После чего кулыурдама включила магнитофон с увертюрой к «Пиковой даме», а мэр отошел от машины, приблизился к зачехленному памятнику, продолжительно улыбнулся в фотокамеру и дернул за веревочку.
Все бурно зааплодировали. Простынка сползла с бюста на горшки с геранью. Аплодисменты несильно взорвались и как-то вразнобой осеклись. Вот ладони начали сближаться для хлопка – и вдруг перестали сближаться, а стали опускаться. А у некоторых – подниматься. Директор гимназии прижал их к животу, а культурдама выронила гвоздики и прижала ладони к щекам, смазывая защитный крем и макияж. Капитан городской милиции сложил руки на гениталиях скорее рефлекторным жестом футболиста перед штрафным, нежели как фюрер, и выгнул спину. И только детсадовцы еще поплескали в ладошки и нестройно закричали «ура», но с детской интуицией ощутили непотребство своих действий и виновато стихли.
Мэр позировал перед памятником, как именинник перед пирогом. Непонимающе вперился он в лица, черты которых застыли в асимметричном беспорядке. Образовался стоп-кадр с открытыми ртами, словно хору обрезало фонограмму. Все мы не красавцы, но удивление как-то уж очень быстро стирает грань между богоподобным обликом человека и мороженой щукой. Мэр нырнул и оглянулся через плечо. И тогда все увидели и даже услышали, как у него сама собой опустилась молния на брюках.
На постаменте лоснился свежий чугунный бюст, и изображал тот бюст юного нордического красавца в локонах, на плечах которого вспушились разлапистые эполеты. Даже самый продвинутый фанат Пушкина не сумел бы усмотреть здесь и отдаленное сходство с поэтом. Но при этом не походил он и на Лермонтова, Некрасова, Пржевальского и Маркса.
В поисках разгадки заинтригованные участники действа вспомнили о своей грамотности, с усилием перевели глаза с бюста на постамент и бросились читать и перечитывать надпись, вразумительно оповещающую:
ПоручикЖОРЖ ДАНТЕС1812–1895Если ошеломить означает наполовину победить, то победа была полной.
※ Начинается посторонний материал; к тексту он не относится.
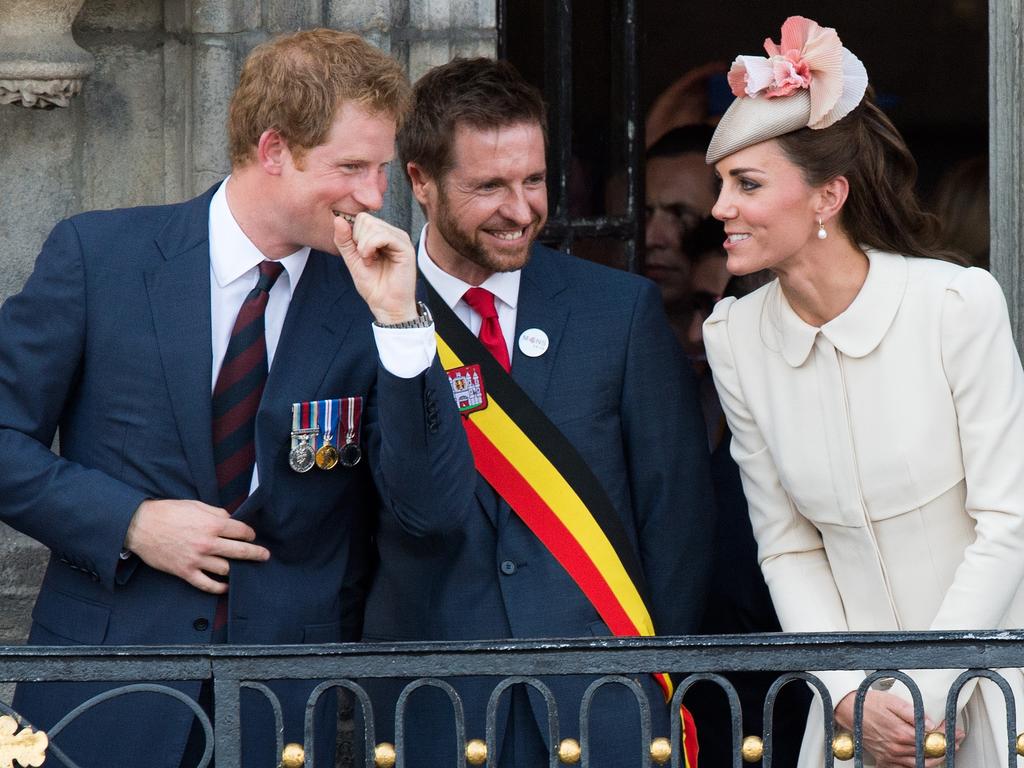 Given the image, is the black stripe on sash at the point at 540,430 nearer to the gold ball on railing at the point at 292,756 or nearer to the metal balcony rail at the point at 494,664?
the metal balcony rail at the point at 494,664

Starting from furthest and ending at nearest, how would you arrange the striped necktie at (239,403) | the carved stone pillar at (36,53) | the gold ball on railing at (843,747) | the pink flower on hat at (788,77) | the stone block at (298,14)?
the stone block at (298,14), the carved stone pillar at (36,53), the pink flower on hat at (788,77), the striped necktie at (239,403), the gold ball on railing at (843,747)

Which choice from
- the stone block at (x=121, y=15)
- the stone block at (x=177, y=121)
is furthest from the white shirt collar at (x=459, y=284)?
the stone block at (x=121, y=15)

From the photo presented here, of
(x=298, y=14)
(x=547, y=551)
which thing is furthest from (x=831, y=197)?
(x=298, y=14)

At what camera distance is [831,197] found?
11.4 feet

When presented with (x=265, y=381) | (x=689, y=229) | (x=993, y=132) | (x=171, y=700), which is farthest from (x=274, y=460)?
(x=689, y=229)

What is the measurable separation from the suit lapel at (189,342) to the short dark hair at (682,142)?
261cm

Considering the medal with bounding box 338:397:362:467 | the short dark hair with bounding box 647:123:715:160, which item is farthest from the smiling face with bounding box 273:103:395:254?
the short dark hair with bounding box 647:123:715:160

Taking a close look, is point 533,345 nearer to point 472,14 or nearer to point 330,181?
point 330,181

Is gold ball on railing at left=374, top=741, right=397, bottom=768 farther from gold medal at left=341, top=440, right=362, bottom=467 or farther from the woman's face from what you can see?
the woman's face

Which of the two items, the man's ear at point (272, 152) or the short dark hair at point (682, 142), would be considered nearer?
the man's ear at point (272, 152)

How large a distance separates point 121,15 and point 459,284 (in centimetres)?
117

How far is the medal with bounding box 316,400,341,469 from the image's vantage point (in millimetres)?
3340

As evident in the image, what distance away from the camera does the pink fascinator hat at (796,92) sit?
3.45 meters

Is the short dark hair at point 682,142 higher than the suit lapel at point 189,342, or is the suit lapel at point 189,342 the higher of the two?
the short dark hair at point 682,142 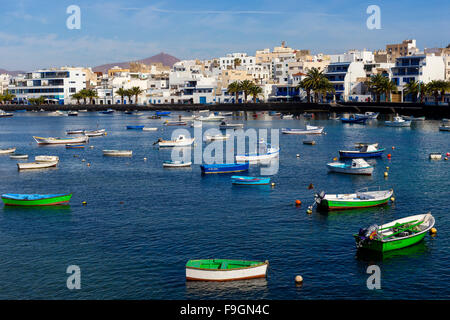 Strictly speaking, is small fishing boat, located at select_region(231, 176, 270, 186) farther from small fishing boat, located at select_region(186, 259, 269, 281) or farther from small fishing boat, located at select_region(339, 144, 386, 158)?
small fishing boat, located at select_region(186, 259, 269, 281)

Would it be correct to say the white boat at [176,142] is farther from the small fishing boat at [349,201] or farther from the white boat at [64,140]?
the small fishing boat at [349,201]

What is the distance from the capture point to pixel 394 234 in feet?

Зрелище настолько отшибало мозги, что в поисках реальности и логики всем даже показалось на миг, будто так и должно быть, и по какой-то причине, которую все просто упустили из виду, они и собрались здесь на открытие памятника именно Дантесу.
Отдав дань кошмара нетривиальному памятнику, перенеслись дикими взорами и помраченными умами на автора творения. Тут уже руки на подбрюшье сложил мэр, а капитан милиции, напротив, переложил руки на кобуру. В этом средоточии внимания скульптор необыкновенно замедленно, впившись в Дантеса, поднял кулаки на уровень ушей подобно бандерильеру, мечущему стрелы в быка, рывками вобрал воздух и выпустил взмывшую фистулу:
– Убью-ю-ю-ю!!!
Это выглядело так, словно он не может перенести вида убийцы Пушкина и сжигаем праведной местью. Реакция достойная патриота, но никак не объясняющая феномена живучести Дантеса и появления его здесь вместо убитого им поэта. Если бы это был не Дантес, а Ленин, все бы решили, что скульптор в белой горячке или же просто по привычке изваял того, кого ему заказывали всю жизнь. Но Дантеса, черт побери, никто же и никогда не лепил!..
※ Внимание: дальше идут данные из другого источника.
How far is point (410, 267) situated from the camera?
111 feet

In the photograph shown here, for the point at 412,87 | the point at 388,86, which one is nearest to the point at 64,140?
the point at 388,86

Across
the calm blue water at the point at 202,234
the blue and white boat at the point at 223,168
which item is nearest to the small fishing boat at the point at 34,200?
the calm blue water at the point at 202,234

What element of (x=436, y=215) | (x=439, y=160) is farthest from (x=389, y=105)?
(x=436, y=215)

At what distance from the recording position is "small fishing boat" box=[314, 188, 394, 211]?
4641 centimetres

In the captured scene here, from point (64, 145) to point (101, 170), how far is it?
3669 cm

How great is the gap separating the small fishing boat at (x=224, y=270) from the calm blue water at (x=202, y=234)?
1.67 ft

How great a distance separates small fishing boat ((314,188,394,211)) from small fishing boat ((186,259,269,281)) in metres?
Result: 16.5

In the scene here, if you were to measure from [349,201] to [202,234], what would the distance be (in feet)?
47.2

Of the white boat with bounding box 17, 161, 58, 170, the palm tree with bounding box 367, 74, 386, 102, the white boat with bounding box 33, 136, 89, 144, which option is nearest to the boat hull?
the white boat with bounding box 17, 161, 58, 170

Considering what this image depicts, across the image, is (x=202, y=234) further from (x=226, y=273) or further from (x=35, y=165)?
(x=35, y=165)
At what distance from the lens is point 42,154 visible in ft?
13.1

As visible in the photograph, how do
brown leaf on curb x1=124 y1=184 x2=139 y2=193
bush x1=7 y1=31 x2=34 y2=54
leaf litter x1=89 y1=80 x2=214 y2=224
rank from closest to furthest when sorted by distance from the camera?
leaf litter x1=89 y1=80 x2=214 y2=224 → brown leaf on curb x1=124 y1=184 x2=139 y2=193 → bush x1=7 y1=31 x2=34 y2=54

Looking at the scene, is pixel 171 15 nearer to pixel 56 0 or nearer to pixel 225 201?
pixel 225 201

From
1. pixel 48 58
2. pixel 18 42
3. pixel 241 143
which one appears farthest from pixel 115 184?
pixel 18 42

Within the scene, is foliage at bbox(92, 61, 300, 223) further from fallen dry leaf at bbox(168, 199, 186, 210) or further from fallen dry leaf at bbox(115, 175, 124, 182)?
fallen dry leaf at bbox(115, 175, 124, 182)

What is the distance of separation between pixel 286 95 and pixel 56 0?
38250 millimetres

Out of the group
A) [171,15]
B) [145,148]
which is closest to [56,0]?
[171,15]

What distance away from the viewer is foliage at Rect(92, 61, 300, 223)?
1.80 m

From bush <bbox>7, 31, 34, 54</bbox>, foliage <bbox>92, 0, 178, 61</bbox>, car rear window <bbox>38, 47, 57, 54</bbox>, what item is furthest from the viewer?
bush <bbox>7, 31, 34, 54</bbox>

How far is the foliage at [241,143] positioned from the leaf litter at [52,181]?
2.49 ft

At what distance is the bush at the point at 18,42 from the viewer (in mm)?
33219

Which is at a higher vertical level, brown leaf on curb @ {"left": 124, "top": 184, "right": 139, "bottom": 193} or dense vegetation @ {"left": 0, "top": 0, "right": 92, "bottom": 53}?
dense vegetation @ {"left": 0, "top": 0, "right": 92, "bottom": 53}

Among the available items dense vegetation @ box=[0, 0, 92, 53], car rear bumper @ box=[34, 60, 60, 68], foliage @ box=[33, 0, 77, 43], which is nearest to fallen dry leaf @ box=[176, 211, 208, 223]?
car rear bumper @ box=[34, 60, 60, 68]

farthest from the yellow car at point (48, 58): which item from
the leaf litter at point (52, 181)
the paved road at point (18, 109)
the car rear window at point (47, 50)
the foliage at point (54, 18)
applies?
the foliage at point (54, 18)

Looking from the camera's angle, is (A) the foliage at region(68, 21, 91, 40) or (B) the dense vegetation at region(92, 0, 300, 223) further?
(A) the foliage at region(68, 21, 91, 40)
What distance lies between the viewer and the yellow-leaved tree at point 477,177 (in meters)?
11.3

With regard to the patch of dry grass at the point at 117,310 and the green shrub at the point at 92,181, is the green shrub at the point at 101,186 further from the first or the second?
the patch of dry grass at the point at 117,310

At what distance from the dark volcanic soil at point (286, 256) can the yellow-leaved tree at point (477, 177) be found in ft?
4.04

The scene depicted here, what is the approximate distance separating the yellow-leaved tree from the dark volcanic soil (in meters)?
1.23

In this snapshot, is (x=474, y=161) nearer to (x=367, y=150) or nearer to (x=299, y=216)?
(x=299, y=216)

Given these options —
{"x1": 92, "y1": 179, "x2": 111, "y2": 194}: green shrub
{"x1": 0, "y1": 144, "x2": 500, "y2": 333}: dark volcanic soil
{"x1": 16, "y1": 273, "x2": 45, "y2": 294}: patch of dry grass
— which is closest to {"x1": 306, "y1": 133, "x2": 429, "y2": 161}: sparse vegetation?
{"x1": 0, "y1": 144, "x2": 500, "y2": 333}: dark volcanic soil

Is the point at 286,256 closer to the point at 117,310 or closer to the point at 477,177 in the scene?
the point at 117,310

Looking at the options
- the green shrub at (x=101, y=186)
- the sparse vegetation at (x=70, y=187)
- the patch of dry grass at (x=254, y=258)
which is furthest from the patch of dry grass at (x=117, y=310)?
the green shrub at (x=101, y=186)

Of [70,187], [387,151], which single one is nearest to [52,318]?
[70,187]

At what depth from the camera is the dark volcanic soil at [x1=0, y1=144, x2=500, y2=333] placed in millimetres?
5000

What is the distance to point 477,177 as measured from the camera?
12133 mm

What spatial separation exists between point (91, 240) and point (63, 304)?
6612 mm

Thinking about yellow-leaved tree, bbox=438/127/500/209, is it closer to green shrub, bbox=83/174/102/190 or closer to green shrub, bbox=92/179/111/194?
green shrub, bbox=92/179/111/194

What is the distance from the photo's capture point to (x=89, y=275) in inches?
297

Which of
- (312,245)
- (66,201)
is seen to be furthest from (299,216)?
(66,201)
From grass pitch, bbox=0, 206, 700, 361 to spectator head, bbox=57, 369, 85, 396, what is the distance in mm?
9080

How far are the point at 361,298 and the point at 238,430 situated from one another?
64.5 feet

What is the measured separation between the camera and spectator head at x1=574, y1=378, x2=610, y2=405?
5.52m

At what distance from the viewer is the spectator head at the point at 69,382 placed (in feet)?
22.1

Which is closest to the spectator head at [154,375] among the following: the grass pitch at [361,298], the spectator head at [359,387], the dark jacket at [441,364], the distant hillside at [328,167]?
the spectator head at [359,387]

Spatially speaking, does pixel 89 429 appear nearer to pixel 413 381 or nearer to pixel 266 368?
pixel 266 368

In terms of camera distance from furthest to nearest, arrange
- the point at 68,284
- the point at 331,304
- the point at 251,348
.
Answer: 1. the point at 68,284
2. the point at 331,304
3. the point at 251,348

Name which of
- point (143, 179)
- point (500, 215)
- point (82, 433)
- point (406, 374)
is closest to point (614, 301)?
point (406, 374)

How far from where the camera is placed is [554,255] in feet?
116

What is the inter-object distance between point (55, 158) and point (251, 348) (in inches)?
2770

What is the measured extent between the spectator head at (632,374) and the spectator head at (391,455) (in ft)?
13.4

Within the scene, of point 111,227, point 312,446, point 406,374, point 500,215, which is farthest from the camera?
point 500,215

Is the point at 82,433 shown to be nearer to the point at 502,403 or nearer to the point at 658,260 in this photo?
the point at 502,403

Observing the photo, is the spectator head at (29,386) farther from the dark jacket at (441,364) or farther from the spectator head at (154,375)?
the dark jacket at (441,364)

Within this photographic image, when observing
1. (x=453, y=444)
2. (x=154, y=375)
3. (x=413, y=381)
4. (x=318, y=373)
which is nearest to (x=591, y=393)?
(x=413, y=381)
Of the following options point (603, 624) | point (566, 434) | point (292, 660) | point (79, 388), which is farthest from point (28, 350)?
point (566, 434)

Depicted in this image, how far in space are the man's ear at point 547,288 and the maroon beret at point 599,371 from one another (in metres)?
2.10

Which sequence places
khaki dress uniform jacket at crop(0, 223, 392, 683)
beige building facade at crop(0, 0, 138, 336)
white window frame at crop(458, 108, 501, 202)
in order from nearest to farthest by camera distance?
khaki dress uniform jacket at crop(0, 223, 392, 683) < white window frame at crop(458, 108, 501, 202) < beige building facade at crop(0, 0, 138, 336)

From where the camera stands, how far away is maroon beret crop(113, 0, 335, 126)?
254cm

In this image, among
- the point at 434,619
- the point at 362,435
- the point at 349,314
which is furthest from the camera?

За спиной скульптора и на приличествующем отдалении стояла группа его приятелей-ханыг, и они также выглядели скандализованными трансформацией памятника, который собственноручно устанавливали. Учитывая торжественность повода и время дня, они уже безусловно находились в пристойном градусе. Поэтому никакого злого или циничного умысла не было у того, кто первым обрел дар речи и с благородным возмущением пробубнил, имея в виду интонацией древнего анекдота осудить происходящее:
– Идут, понимаешь, по площади два снайпера… мля! и один говорит: – Слушай, не пойму я – почему памятник Пушкину? Ведь Дантес попал! Ну?!.
И тут напряжение лопнуло истерическим гоготом, непроизвольным и неудержимым. Визгливо хохотала культурдама со смазанным лицом, трубно ржал капитан, глюкал и хрюкал директор гимназии и раскатисто грохотал мэр, все приседали, тыкали пальцами, держались за животы, топали ногами, хлюпали, икали, стонали и падали. Детишки, разделяя общее настроение, заливисто подсмеивались и прыгали на месте. Радиожурналистка в джинсах сжимала коленки и отползала в задние ряды – с ней произошла маленькая авария. Ханыги в паузы хохота вставляли от полноты чувств народные междометия, звучавшие так любовно и уместно, что никого не шокировали.